Goar was on vacation and could not be reached, but Robert Doty, the district’s chief operations officer, said the agreement with the Park Board had to happen quickly because of critical funding deadlines for the pool. At the time these discussions were happening, it was the end of the school year and hundreds were getting laid off at the central office, part of a downsizing plan put in place by Goar.
“I don’t have a staff of researchers that can go back three years to pull contracts,” Doty said.
The Phillips pool project has been underway since 2011, with funding coming from various private donors, local colleges, the county, the state Legislature and the school board, which committed $150,000 annually for the next five years to cover operating expenses.
But the project has come up well short on funding. In early May, the school and park officials began discussing the possibility of the school district giving more money to help the Park Board cover construction costs.
District officials say they seized on that to create a broader deal that would give the district priority scheduling for other sports facilities, such as hockey arenas and soccer fields. School officials are also asking for certified lifeguards and swimming lessons for all students.
But Denny Bennett, the board president of Minneapolis Swims, the booster group behind the pool, said he was “shocked” to hear the district hired Mammen.
Mammen “told me as long as he was president of the board, we would never see a penny of [construction money] for that pool,” Bennett said. “It’s stunning to me that they would hire him.”
Bennett said Mammen never spoke to him during the months that Bennett was trying to get the district to commit to funding the pool.
Liz Wielinski, the Park Board president, said she also never met with Mammen during the negotiations. “He might have been a vital player, but I can’t confirm that,” she said.
Mammen said his role was to help district staff comb through service agreements, maintenance schedules and other documents that would help land a robust agreement that would benefit youth sports throughout the district, not just a single pool.
The contract showed that Mammen was paid for 20 days of work, through the end of June. Mammen said he actually started working on the pool issue in May, which means he was paid for about two months of work. He said he worked well more than 100 hours on the project.
“People are being cynical and saying this is just about giving Mammen a contract, what does he know,” Mammen said. “I’d argue I know as much as anyone on that board and if there was someone else I could find that had a better perspective on what’s really possible, boy I would have hired that person long ago.”

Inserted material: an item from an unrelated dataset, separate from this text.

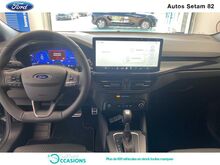 Photo 2 de l'offre de Ford Focus SW 1.0 Flexifuel mHEV 125ch ST-Line X Powershift à 29 900 € chez SudOuest Occasions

Mammen spent hours pouring through facilities agreements and other documents that dated back at least three years. That information helped Doty and staff craft the proposed agreement, he said.
Doty said the district used a discretionary fund that the superintendent has with Achieve Minneapolis because those funds are “set aside for unique projects” and this fell within that scope.
Doty added that it was important that this agreement go beyond just the Philips pool.
Mammen “was a big help in helping us do that,” he said. “I don’t believe the contract was a waste of money. We got good use out of that contract, and the city will be the benefactor of that.”